*Source data*:
☆ ☆ ☆ ☆

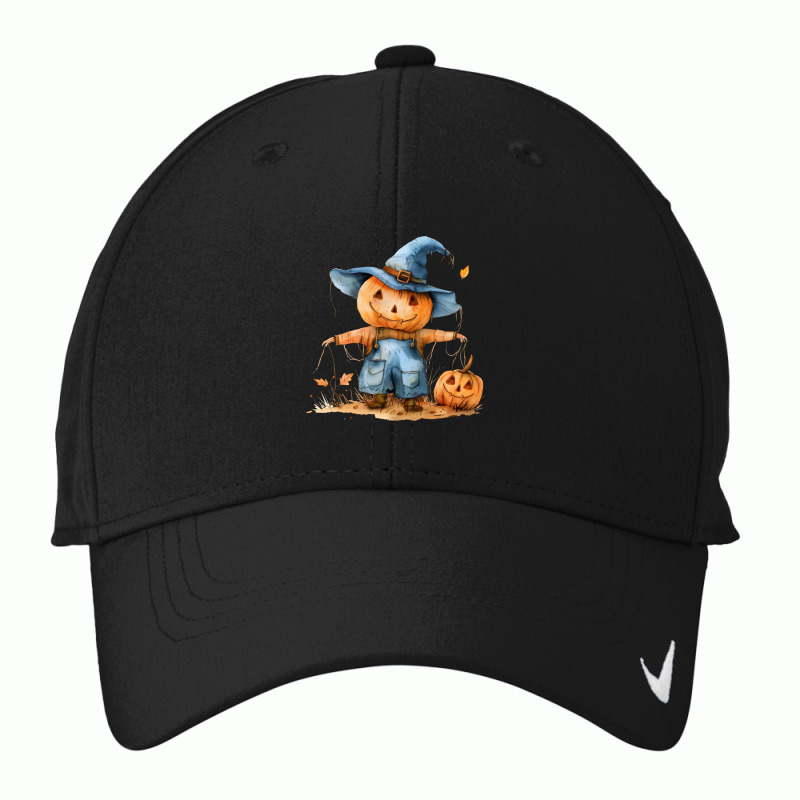 Boy Halloween Pumpkin Funny Nike Dri-FIT Cap by risedesignid | Artistshot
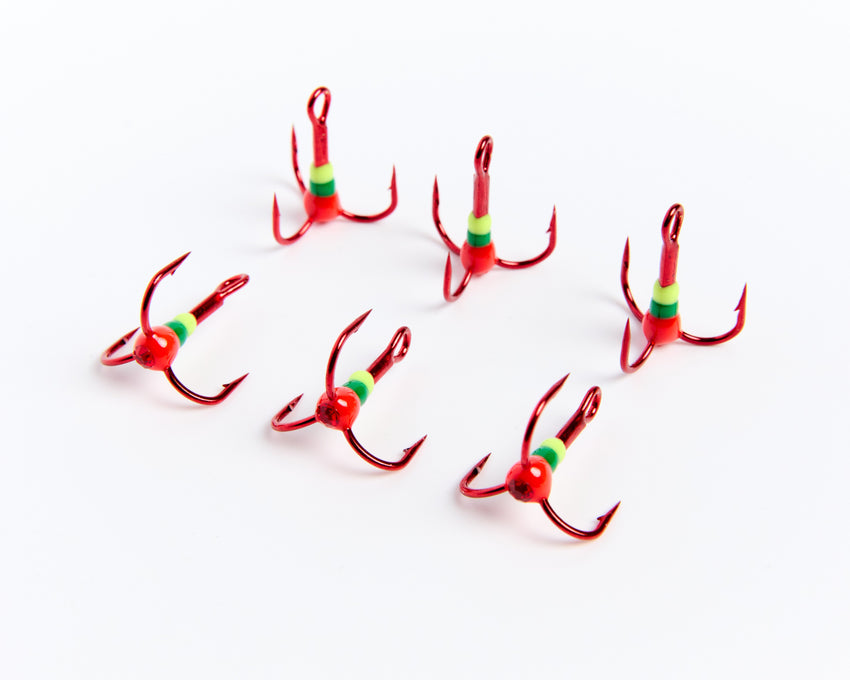 Crystal Reaper Treble Hooks (6pk)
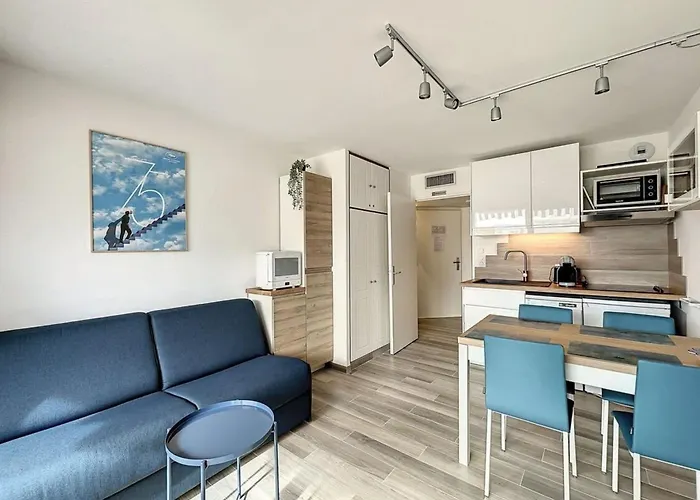 Les Felibriges - 2-Room Flat - Ideal For Congresses In Cannes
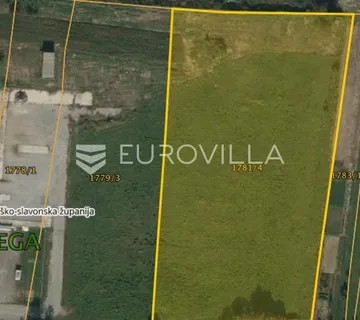 Požega, zemljište u K gospodarsko–poslovnoj zoni 16.462 m² - cover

☆ ☆ ☆ ☆

*Exercise*:
Your copy of the material above should be exact and free of pictures.

*Exercise answer*:
 Boy Halloween Pumpkin Funny Nike Dri-FIT Cap by risedesignid | Artistshot
 Crystal Reaper Treble Hooks (6pk)
 Les Felibriges - 2-Room Flat - Ideal For Congresses In Cannes
 Požega, zemljište u K gospodarsko–poslovnoj zoni 16.462 m² - cover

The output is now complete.